Lo que debería ser un debate técnico ha escalado a una pugna política cargada de sospechas y descalificaciones. El oficialismo acusa una supuesta "intromisión humana" en la verificación de resultados, mientras que la oposición denuncia maniobras para ocultar posibles fraudes. En medio de esta tormenta, el árbitro electoral se ve incapacitado para actuar con unidad, dejando en vilo la credibilidad de todo el proceso.
Pero la raíz del problema va más allá del debate sobre actas. Honduras arrastra desde hace décadas una institucionalidad electoral débil, marcada por la cooptación partidaria y la ausencia de mecanismos efectivos de control y fiscalización. A eso se suma una cultura política clientelar que antepone la lealtad partidaria a la integridad institucional. La promesa de modernizar el sistema electoral, que inspiró reformas tras la crisis poselectoral de 2017, hoy parece archivada entre intereses contrarios a la transparencia.
A diferencia de democracias más consolidadas, el sistema hondureño permite que los propios partidos sean "juez y parte" al integrar las Juntas Receptoras de Votos. Esto convierte al proceso en un campo minado donde cada paso puede ser interpretado como una jugada a favor o en contra de un actor político, anulando la percepción de imparcialidad que toda democracia necesita. En vez de blindar la certeza del voto, el sistema la expone a manipulaciones encubiertas bajo formalidades legales.
La fragilidad institucional se agrava con la falta de acción de las entidades llamadas a proteger el proceso. El silencio cómplice de las instituciones que deberían actuar como garantes —Ministerio Público, Policía Nacional y Secretaría de Seguridad— frente a acciones que entorpecen el calendario electoral, como el sabotaje a la licitación del TREP, solo agrava la crisis. Este vacío de autoridad contribuye a la erosión de la confianza ciudadana, debilitando aún más el frágil tejido democrático.
A su vez, la oposición luce desorganizada, sin una narrativa coherente ni una estrategia conjunta. Lejos de construir una alternativa de poder creíble, se diluye en luchas internas y una desconexión con el electorado, dejando el campo libre para que el oficialismo imponga sus reglas sin mayores resistencias.

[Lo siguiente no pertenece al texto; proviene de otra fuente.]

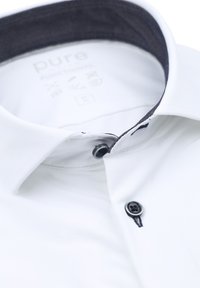 Witte katoenen shirt met een donkere kraagvoering, met een knoopsluiting en een textuurstof. Etiket zegt "puur," wat het merk aangeeft.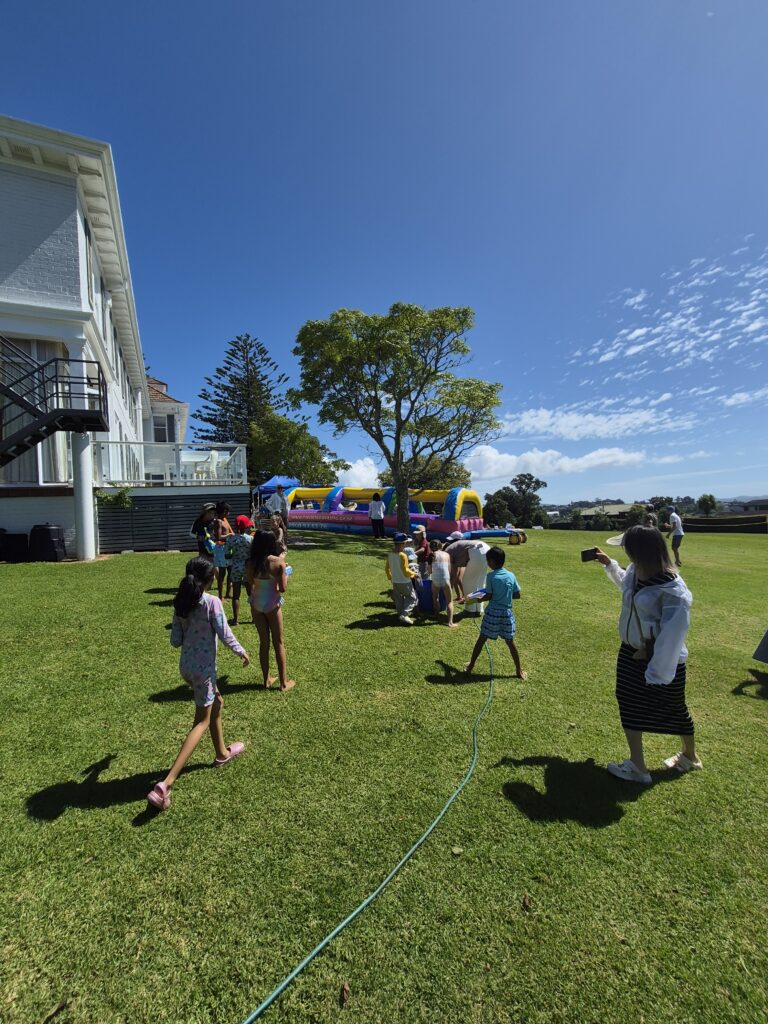 People standing on a lawn with blue sky above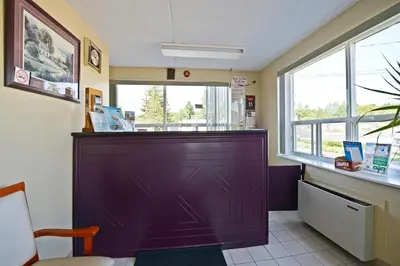a large purple door in a waiting room at Angus Inn Motel in Angus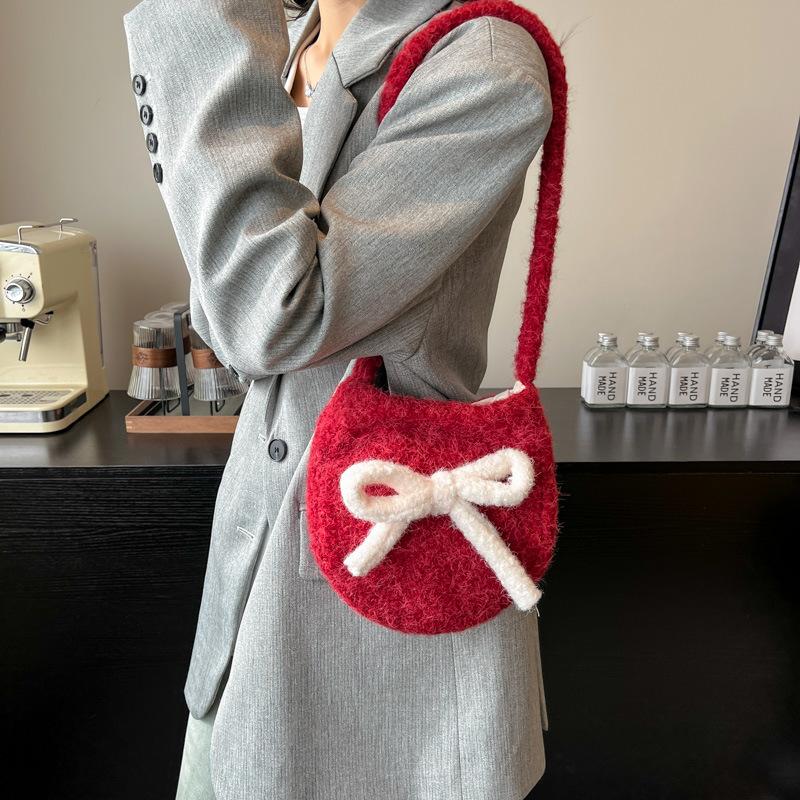Korean spring new fashion niche design large-capacity student foreign style bucket bag women's shoulder trend oblique span bag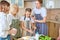 Diligent teen girl helping family to cook, grate cheese, in kitchen at home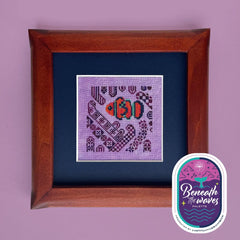 Framed cross stitch of an orange clownfish swimming among purple anemone‑like patterns on a lavender background.
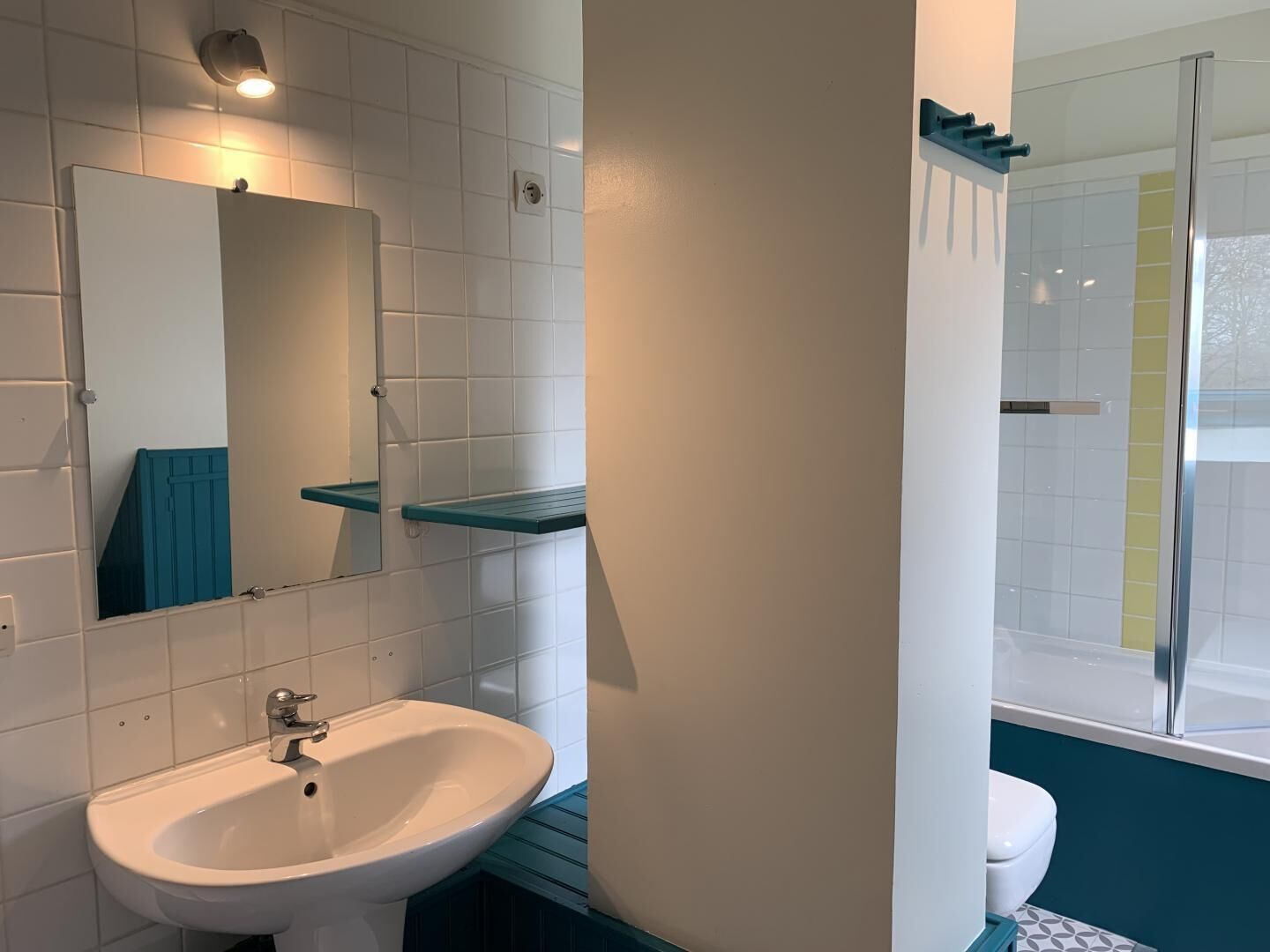 Un baño con lavamanos blanco, un espejo, un estante azul y zona de ducha.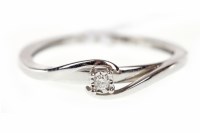 Lot 489 - NINE CARAT WHITE GOLD DIAMOND RING with a...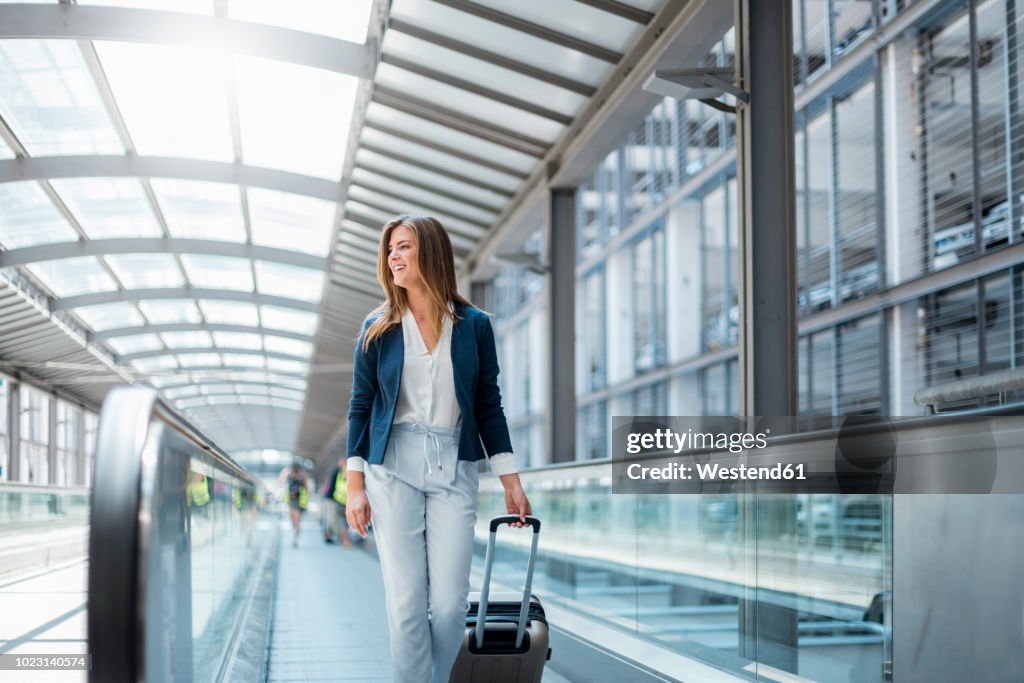 Smiling young businesswoman with baggage on moving walkway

La ausencia de liderazgos firmes y unificados deja al votante sin voz ni representación en un momento en que más se necesita firmeza.
En este contexto, la ciudadanía hondureña se encuentra atrapada entre dos fuerzas: un oficialismo decidido a consolidar su hegemonía política y una oposición que no logra articular un discurso de cambio real. El peligro no es solo una elección cuestionada, sino la normalización del autoritarismo disfrazado de institucionalidad democrática. Cuando la desconfianza reemplaza al debate y la legalidad cede ante la conveniencia partidaria, la democracia corre un riesgo sistémico.
El escenario es especialmente alarmante porque no se trata de una anomalía aislada, sino de una tendencia regional que ha dado lugar a democracias deterioradas o meramente formales. Honduras observa en el espejo de Venezuela, Nicaragua y Bolivia cómo las instituciones pueden ser capturadas desde adentro, sin necesidad de golpes militares, simplemente anulando el espíritu de las leyes mientras se cumple su letra.
Honduras se encuentra hoy en una encrucijada. Puede optar por corregir el rumbo y fortalecer sus procesos institucionales, o seguir el camino de otros países latinoamericanos que han vaciado de contenido a sus sistemas democráticos, dejando solo una fachada electoral que sirve para legitimar lo ilegítimo. La decisión está en manos de quienes hoy controlan el poder y de una ciudadanía que debe decidir si se resigna o reacciona.